Hilary Putnam proposes “…a realist (with respect to a given theory or discourse) holds that 1) the sentences of that theory are true or false; and 2) that what makes them true or false is something external – that is to say, it is not (in general) our sense data, actual or potential, or the structure of our minds, or our language etc…” (and still later) “ that the theories accepted in a mature science are typically approximately true, that the same term can refer to the same thing even when it occurs in different theories – these viewed by the realist … As part of any adequate scientific description of science and it’s relations to its objects…” This is quoted not to define realism but rather to show that truth must play a central role in the construction of a realist position. More than that it also it seems to me to highlight what it is to hold a realist understanding of theory and the real world. Which is to emphasize the external and evidence. Consequently a minimal proposition that describes a realism, that is to say a scientific realism is as follows: “…Science aims to give us, in it’s theories, a literally true story of what the worlds is like: and the acceptance of a scientific theory involves the belief that it is true…”
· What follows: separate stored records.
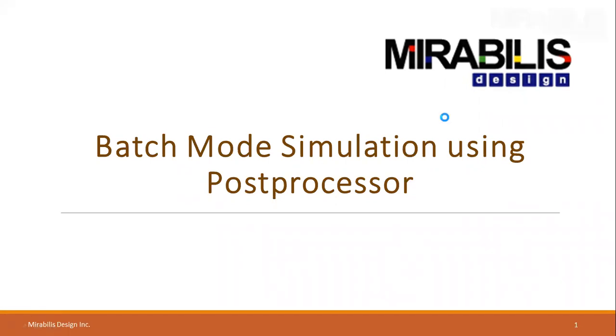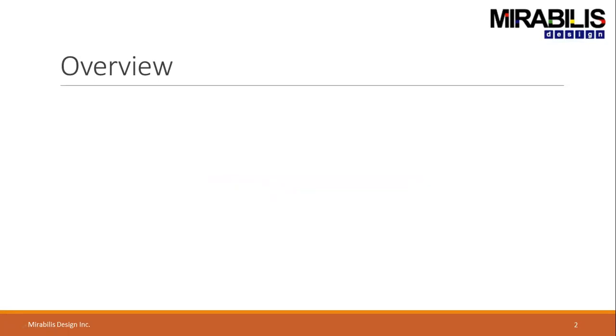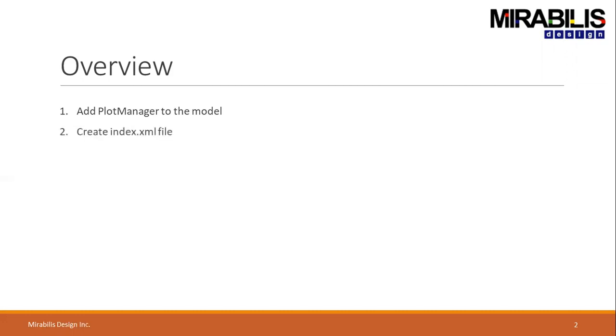Moving on, here is what we will be looking and covering in this tutorial. First, we will be looking at how to add PlotManager to the model. Second, we will see how we can create index.xml file.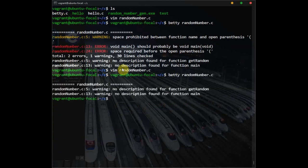Now we're done with the red errors — just suggestions now. It says no description for the function getRandom and getMain. So let's quickly add some comments for getRandom, getMain, and main.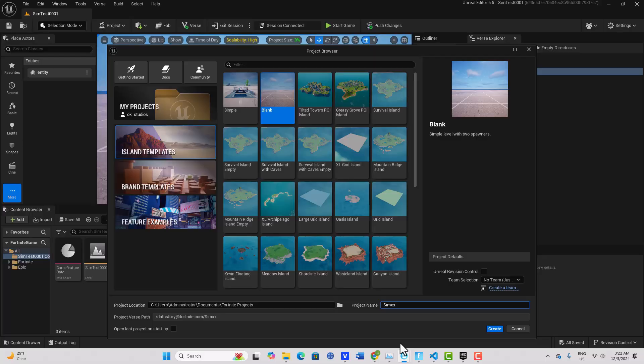Hey how's it going, and today we are taking a look at the scene graph system in Unreal Editor for Fortnite using Verse code. We're just going to take a quick look at entities and components, and we're not even going to create a prefab. This is loosely based on the documentation.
This is as I said above is deliberately minimal - a basic statement would argue that science tells a true story, the more complex one states that it merely intends to do so, but either way the central point is ‘truth’. The philosopher who I borrowed the definition from makes great play of the importance of ‘literally’ which he states rules out positions that suggest that science is true if ‘properly understood’ but literally that the statements can appear to be false or meaningless. We are of course dealing with epistemology here in that for a realist – what guides the acceptance of a theory is a belief in its truth. But this is not to suggest that anyone must take such a position but rather that they could. Finally (sic) then – within a scientific realist position it is necessary to recognize that an acceptance that a theory is probably correct means that the theory is probably true. In other words belief can come in degrees along with the consequent understanding a degree of belief that a theory is true. Which is not to suggest that this is the same thing as saying that something is approximately true.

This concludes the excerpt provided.